----- EXTRACTED DATA -----
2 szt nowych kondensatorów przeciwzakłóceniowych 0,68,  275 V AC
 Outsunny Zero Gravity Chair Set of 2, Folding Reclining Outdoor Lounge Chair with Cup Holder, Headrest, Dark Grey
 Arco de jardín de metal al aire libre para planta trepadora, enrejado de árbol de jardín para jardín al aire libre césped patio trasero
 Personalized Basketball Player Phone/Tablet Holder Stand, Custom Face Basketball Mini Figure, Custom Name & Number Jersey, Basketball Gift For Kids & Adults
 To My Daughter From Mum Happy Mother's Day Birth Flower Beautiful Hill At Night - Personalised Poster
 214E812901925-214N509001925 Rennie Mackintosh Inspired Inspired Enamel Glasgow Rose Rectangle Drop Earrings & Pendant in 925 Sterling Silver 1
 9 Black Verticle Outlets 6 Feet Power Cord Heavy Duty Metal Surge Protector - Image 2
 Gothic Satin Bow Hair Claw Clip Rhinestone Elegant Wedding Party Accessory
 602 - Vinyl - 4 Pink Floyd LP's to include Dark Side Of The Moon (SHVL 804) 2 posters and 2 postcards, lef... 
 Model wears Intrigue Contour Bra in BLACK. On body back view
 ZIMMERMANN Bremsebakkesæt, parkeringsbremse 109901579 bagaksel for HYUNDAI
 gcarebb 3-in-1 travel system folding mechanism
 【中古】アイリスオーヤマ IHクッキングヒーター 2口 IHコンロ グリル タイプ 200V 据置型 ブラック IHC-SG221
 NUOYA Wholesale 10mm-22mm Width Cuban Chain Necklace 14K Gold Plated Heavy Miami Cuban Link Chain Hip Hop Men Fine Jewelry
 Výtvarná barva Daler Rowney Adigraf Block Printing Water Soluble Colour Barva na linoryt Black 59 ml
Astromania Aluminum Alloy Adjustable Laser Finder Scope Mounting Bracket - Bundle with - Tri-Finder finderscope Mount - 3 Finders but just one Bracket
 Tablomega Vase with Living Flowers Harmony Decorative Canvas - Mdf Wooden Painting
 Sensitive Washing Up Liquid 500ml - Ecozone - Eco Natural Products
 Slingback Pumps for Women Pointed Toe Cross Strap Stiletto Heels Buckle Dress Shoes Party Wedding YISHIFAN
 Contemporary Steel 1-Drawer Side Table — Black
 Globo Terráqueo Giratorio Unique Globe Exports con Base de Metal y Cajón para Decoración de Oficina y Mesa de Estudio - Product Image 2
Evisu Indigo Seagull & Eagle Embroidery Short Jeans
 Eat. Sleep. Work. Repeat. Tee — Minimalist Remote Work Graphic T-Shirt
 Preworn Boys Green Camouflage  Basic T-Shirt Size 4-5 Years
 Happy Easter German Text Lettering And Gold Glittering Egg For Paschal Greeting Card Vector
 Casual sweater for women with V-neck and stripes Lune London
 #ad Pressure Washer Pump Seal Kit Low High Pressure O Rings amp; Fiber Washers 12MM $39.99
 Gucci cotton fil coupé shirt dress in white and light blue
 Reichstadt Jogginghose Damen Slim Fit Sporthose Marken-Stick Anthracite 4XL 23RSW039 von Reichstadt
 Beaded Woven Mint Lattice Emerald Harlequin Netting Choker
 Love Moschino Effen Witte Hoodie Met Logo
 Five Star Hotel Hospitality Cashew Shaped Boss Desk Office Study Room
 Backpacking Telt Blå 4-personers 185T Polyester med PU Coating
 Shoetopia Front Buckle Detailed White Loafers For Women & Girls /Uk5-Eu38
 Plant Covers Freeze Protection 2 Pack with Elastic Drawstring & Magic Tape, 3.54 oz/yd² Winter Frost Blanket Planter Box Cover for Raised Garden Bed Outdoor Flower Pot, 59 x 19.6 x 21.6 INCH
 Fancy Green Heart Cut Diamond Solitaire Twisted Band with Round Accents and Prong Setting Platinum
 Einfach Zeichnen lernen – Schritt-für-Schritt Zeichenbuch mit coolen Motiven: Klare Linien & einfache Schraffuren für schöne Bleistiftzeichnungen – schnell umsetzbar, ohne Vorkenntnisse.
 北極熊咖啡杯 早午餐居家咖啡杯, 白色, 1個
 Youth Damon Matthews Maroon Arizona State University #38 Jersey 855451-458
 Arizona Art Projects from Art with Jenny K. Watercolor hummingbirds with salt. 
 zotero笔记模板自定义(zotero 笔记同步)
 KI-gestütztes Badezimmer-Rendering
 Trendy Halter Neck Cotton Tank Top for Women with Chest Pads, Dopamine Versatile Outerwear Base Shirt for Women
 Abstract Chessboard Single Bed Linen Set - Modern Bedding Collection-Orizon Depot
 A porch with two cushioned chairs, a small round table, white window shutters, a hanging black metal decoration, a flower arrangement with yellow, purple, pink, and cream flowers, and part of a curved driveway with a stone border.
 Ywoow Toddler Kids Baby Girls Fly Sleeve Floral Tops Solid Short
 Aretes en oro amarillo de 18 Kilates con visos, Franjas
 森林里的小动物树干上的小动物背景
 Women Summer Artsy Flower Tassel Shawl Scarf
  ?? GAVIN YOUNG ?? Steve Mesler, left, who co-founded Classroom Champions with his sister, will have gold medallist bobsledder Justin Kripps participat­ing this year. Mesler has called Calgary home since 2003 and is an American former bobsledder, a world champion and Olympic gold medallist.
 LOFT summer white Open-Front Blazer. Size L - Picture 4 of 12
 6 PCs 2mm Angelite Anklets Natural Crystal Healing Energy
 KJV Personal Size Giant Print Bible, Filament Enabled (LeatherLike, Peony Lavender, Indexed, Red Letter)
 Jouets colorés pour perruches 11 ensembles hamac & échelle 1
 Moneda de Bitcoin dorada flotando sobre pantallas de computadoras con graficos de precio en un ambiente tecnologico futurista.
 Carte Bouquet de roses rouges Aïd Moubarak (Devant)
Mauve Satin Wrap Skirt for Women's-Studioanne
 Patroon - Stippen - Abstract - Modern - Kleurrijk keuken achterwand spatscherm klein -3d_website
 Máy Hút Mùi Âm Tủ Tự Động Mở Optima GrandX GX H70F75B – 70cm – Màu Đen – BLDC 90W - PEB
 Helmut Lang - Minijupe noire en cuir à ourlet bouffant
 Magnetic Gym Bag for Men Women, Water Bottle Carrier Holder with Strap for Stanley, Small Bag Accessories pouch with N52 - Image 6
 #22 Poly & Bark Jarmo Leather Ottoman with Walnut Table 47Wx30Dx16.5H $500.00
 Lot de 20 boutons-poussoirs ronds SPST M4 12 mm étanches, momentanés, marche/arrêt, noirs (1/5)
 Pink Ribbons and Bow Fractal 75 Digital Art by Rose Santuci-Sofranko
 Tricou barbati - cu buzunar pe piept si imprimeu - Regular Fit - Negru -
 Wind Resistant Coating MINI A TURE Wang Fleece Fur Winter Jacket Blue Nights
-----
- **TASK DIRECTIONS**:
If a line in the entries above contains "Party", report it.

- **RESPONSE TO THIS TASK**:
 Gothic Satin Bow Hair Claw Clip Rhinestone Elegant Wedding Party Accessory
 Slingback Pumps for Women Pointed Toe Cross Strap Stiletto Heels Buckle Dress Shoes Party Wedding YISHIFAN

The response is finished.